> _Exercise inputs_:
----

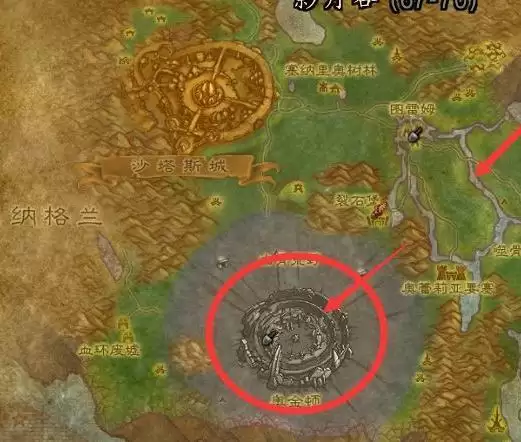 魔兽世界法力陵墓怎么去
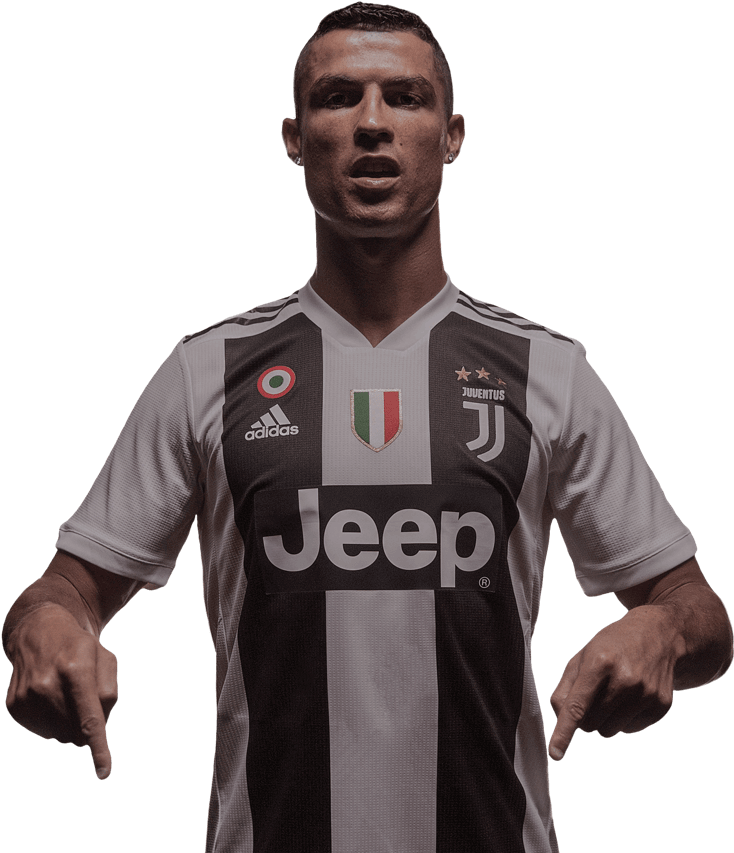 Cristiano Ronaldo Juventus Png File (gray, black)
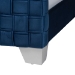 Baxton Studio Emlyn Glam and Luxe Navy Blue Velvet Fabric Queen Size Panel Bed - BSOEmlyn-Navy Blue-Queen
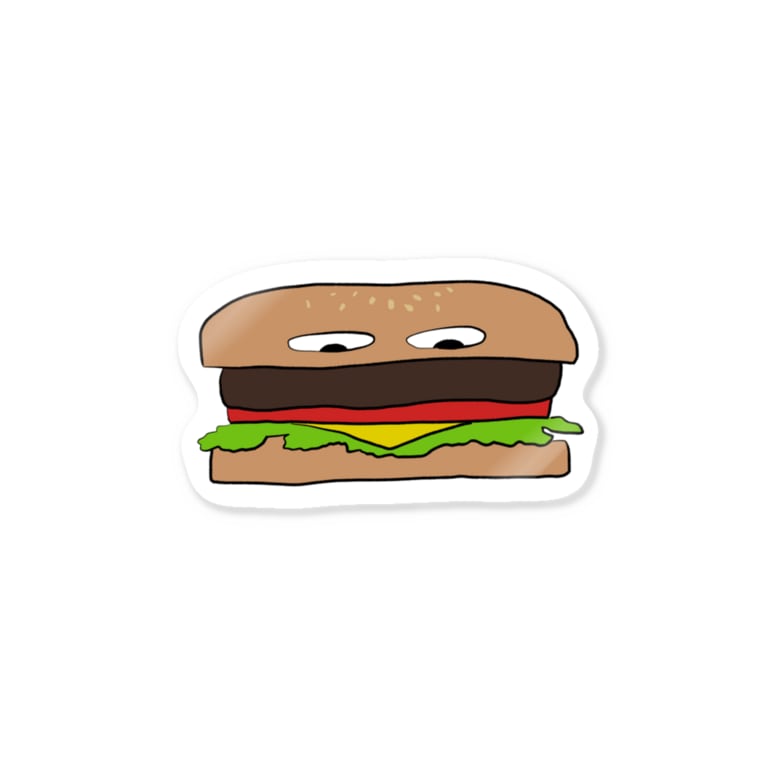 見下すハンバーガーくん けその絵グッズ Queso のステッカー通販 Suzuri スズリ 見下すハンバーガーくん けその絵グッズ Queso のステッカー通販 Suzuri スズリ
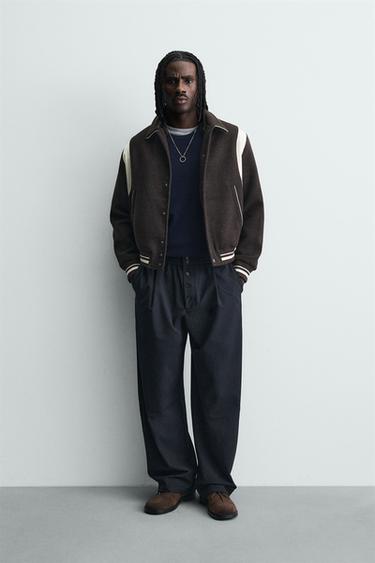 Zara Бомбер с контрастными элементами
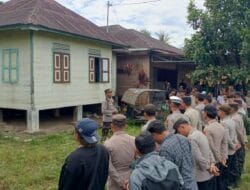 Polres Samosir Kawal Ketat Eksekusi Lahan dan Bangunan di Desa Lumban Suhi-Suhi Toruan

----

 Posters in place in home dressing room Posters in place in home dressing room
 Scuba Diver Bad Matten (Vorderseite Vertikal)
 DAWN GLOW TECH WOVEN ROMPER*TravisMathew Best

----

Everything above from the line containing "Zara Бомбер с контрастными элементами" down to the line containing "Polres Samosir Kawal" is to be duplicated exactly, both lines included, and the pictures are to be omitted.

 Zara Бомбер с контрастными элементами
 Polres Samosir Kawal Ketat Eksekusi Lahan dan Bangunan di Desa Lumban Suhi-Suhi Toruan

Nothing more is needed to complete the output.